Undersensitivity in Neural Reading Comprehension
- URL: http://arxiv.org/abs/2003.04808v1
- Date: Sat, 15 Feb 2020 19:03:36 GMT
- Title: Undersensitivity in Neural Reading Comprehension
- Authors: Johannes Welbl, Pasquale Minervini, Max Bartolo, Pontus Stenetorp,
Sebastian Riedel
- Abstract summary: Current reading comprehension models generalise well to in-distribution test sets, yet perform poorly on adversarially selected inputs.
We focus on the complementary problem of excessive prediction undersensitivity, where input text is meaningfully changed but the model's prediction does not.
We formulate a noisy adversarial attack which searches among semantic variations of the question for which a model erroneously predicts the same answer.
- Score: 36.142792758501706
- License: http://creativecommons.org/licenses/by-nc-sa/4.0/
- Abstract: Current reading comprehension models generalise well to in-distribution test
sets, yet perform poorly on adversarially selected inputs. Most prior work on
adversarial inputs studies oversensitivity: semantically invariant text
perturbations that cause a model's prediction to change when it should not. In
this work we focus on the complementary problem: excessive prediction
undersensitivity, where input text is meaningfully changed but the model's
prediction does not, even though it should. We formulate a noisy adversarial
attack which searches among semantic variations of the question for which a
model erroneously predicts the same answer, and with even higher probability.
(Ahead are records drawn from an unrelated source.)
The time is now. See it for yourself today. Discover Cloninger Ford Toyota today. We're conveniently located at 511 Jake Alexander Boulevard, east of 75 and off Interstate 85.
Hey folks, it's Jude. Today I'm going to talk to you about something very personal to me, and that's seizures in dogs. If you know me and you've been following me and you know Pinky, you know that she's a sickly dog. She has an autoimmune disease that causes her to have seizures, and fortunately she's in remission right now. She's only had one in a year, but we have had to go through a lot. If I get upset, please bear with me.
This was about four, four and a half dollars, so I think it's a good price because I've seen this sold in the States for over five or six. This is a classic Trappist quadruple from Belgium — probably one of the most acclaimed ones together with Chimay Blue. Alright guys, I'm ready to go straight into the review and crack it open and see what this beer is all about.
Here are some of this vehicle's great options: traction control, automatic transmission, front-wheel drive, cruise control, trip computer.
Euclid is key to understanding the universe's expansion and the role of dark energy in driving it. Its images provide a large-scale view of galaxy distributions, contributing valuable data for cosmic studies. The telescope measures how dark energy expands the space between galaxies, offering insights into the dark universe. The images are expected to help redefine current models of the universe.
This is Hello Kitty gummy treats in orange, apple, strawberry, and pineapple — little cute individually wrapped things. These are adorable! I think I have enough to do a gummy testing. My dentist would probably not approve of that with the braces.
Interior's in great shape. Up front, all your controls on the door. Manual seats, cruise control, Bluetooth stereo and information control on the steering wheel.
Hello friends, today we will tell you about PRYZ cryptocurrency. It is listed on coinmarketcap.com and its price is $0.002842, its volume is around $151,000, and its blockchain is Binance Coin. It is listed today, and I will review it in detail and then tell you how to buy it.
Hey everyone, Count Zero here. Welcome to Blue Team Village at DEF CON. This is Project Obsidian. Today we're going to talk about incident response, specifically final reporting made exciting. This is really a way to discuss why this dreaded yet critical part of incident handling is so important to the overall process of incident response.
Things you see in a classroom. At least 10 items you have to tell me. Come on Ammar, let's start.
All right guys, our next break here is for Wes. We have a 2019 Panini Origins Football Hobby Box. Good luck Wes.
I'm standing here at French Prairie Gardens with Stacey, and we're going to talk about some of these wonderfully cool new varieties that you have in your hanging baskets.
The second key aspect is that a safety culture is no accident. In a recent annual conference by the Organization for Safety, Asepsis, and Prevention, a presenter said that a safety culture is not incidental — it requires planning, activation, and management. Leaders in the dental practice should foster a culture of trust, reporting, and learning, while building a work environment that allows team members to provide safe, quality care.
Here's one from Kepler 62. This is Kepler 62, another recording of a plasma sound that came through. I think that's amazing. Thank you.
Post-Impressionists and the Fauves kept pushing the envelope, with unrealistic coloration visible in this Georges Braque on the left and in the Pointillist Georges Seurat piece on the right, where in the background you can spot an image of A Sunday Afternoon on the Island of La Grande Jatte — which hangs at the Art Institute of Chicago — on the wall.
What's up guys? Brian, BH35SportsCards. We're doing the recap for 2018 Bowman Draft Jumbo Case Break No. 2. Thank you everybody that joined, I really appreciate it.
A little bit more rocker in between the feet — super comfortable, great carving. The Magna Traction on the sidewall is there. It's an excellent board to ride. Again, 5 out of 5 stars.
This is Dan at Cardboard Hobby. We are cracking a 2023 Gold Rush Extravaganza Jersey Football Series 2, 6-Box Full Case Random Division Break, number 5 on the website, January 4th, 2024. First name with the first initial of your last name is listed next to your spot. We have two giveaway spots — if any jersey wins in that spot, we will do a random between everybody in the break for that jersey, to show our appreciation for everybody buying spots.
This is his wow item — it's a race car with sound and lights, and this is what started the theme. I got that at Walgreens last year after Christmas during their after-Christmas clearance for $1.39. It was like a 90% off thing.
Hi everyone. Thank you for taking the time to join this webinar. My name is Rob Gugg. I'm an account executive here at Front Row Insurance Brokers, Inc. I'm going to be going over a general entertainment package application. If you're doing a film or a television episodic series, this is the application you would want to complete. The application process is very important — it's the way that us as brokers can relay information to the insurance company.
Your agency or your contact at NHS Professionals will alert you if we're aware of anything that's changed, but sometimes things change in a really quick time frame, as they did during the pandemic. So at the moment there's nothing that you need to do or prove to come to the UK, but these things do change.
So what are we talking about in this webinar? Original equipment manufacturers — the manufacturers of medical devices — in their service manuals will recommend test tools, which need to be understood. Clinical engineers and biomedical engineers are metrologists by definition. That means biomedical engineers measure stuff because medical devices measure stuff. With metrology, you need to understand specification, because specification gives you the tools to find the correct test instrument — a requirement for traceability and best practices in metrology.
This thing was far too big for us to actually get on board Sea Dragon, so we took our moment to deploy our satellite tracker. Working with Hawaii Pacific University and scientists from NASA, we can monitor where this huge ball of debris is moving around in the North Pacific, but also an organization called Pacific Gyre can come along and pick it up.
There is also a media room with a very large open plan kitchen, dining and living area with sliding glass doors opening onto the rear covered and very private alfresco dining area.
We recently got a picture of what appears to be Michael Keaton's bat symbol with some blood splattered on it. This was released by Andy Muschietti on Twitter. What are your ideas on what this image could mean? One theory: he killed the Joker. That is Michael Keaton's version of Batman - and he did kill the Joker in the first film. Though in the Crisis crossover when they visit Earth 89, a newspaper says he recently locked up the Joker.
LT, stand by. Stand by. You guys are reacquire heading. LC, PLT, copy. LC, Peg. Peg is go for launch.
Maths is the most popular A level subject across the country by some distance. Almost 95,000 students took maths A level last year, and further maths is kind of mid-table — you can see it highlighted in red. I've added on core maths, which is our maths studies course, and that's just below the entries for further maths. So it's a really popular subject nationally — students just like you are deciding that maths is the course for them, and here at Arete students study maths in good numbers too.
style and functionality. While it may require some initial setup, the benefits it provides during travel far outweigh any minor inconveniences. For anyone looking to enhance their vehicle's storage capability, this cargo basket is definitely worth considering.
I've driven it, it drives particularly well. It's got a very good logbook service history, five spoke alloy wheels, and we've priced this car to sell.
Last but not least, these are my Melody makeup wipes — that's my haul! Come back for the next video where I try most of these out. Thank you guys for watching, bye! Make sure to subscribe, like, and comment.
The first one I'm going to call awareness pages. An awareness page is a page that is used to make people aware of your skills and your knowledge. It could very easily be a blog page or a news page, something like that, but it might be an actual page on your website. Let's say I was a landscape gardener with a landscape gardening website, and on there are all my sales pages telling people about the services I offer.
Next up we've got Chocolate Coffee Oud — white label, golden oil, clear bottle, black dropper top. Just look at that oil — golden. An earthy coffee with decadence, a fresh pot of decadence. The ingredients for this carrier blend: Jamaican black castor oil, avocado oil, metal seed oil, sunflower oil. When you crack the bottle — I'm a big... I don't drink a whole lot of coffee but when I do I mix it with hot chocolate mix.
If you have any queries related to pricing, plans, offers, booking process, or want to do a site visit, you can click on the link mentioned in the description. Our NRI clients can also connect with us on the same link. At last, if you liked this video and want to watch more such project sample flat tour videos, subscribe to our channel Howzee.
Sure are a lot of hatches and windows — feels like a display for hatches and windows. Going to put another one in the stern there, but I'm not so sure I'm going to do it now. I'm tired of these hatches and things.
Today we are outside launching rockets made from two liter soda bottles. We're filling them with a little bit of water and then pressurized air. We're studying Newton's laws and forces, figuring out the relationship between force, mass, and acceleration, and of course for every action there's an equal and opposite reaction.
Despite comprising unanswerable questions, both SQuAD2.0 and NewsQA models are
vulnerable to this attack. This indicates that although accurate, models tend
to rely on spurious patterns and do not fully consider the information
specified in a question. We experiment with data augmentation and adversarial
training as defences, and find that both substantially decrease vulnerability
to attacks on held out data, as well as held out attack spaces. Addressing
undersensitivity also improves results on AddSent and AddOneSent, and models
furthermore generalise better when facing train/evaluation distribution
mismatch: they are less prone to overly rely on predictive cues present only in
the training set, and outperform a conventional model by as much as 10.9% F1.